WHAT IS NEEDED: Leaving out all pictures, restate word for word the lines from the one with "クロスバイクぶっ飛ばして投票行ってきた話" through the last line of the entries.

Web page caption snippets:
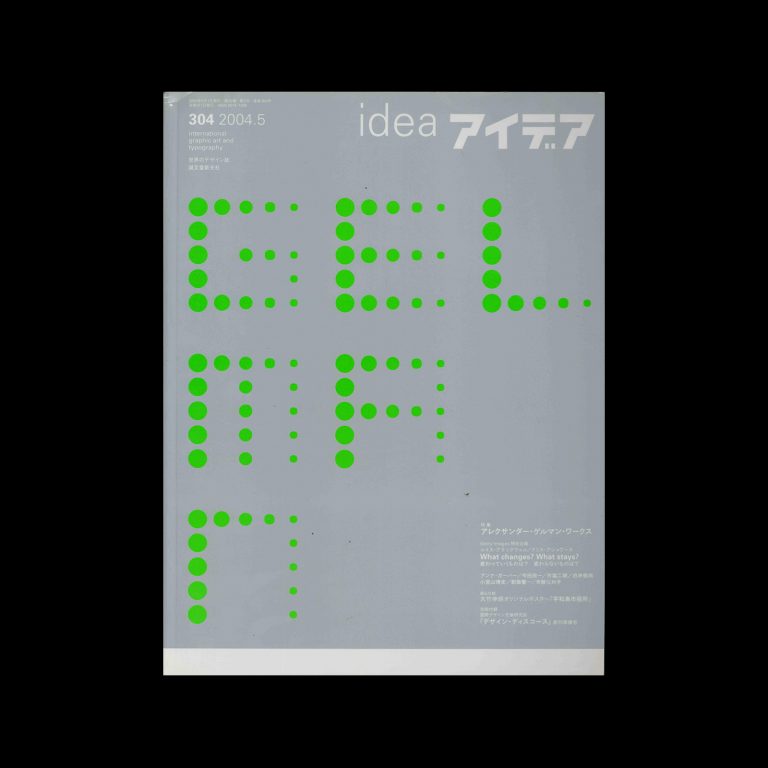 Idea 304, 2004-5. Alexander Gelman Special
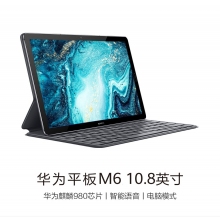 华为M6平板电脑10.8英寸 4G+64G WIFI版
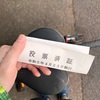 クロスバイクぶっ飛ばして投票行ってきた話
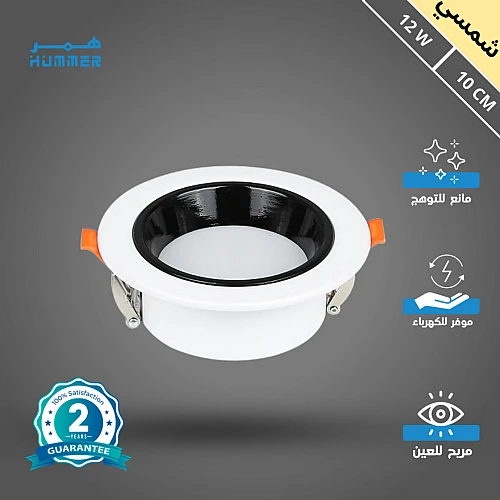 كشاف دفن مثلج مانع للتوهج لون الانارة شمسي كريمي 10 سم 12 واط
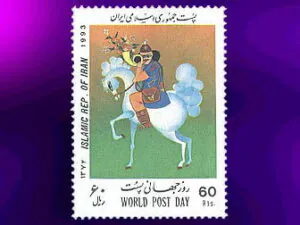  روز جهانی پست 1372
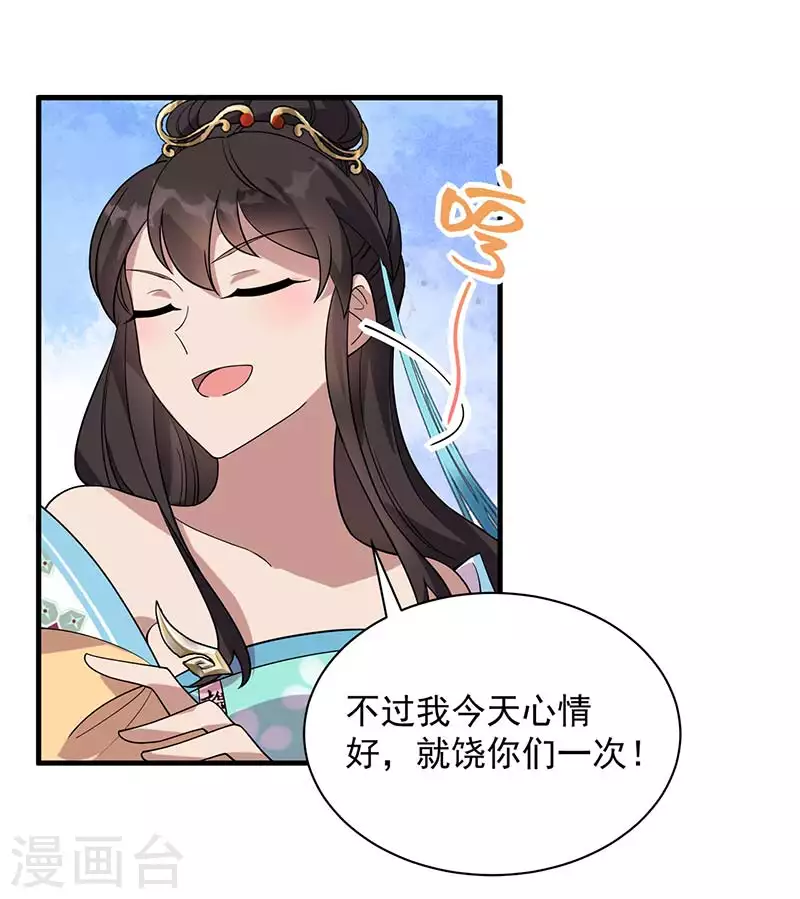 第328话 准备惊喜 第28页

RESULT OF THIS EXERCISE:
 クロスバイクぶっ飛ばして投票行ってきた話
 كشاف دفن مثلج مانع للتوهج لون الانارة شمسي كريمي 10 سم 12 واط
  روز جهانی پست 1372
 第328话 准备惊喜 第28页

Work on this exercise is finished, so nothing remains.